Extracted data START

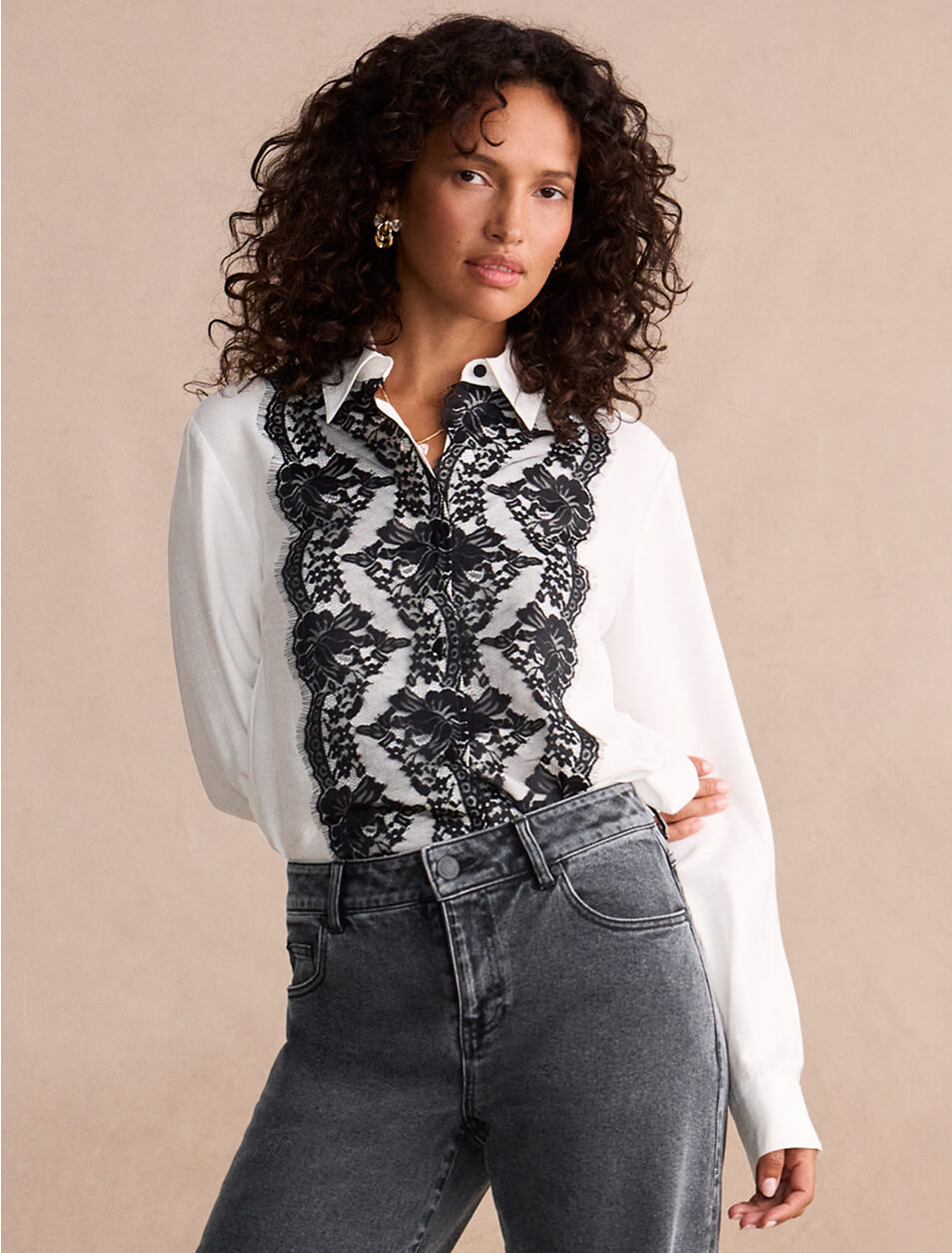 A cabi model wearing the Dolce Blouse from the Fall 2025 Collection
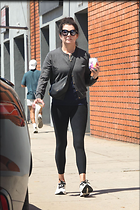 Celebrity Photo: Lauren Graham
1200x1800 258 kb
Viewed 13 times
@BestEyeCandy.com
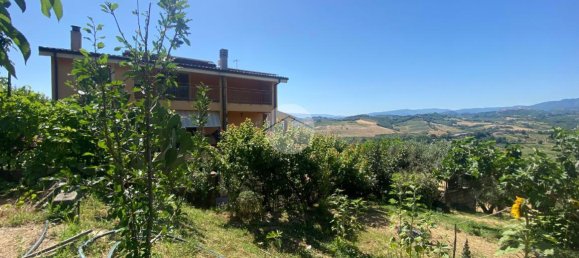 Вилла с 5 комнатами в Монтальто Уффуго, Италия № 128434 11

Extracted data END
Extracted data START

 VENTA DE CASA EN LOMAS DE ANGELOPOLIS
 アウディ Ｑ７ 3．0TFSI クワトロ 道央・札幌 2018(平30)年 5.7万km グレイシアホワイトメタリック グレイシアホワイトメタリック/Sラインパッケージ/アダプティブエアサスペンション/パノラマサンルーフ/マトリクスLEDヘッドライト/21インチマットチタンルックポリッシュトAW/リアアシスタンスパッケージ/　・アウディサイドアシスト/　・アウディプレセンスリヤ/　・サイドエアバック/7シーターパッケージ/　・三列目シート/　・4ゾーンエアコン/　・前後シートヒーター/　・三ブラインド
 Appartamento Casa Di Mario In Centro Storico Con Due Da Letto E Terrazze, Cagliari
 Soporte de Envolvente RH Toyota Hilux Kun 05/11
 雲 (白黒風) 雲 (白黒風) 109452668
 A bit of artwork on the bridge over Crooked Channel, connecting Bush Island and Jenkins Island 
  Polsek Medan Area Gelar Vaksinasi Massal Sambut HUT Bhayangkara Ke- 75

Extracted data END

Work to complete>
Produce only the lines from the line containing "アウディ Ｑ７ 3．0TFSI" through the line containing "Polsek Medan Area", inclusive of both, exactly as they stand in the entries above.

Problem solution>
 アウディ Ｑ７ 3．0TFSI クワトロ 道央・札幌 2018(平30)年 5.7万km グレイシアホワイトメタリック グレイシアホワイトメタリック/Sラインパッケージ/アダプティブエアサスペンション/パノラマサンルーフ/マトリクスLEDヘッドライト/21インチマットチタンルックポリッシュトAW/リアアシスタンスパッケージ/　・アウディサイドアシスト/　・アウディプレセンスリヤ/　・サイドエアバック/7シーターパッケージ/　・三列目シート/　・4ゾーンエアコン/　・前後シートヒーター/　・三ブラインド
 Appartamento Casa Di Mario In Centro Storico Con Due Da Letto E Terrazze, Cagliari
 Soporte de Envolvente RH Toyota Hilux Kun 05/11
 雲 (白黒風) 雲 (白黒風) 109452668
 A bit of artwork on the bridge over Crooked Channel, connecting Bush Island and Jenkins Island 
  Polsek Medan Area Gelar Vaksinasi Massal Sambut HUT Bhayangkara Ke- 75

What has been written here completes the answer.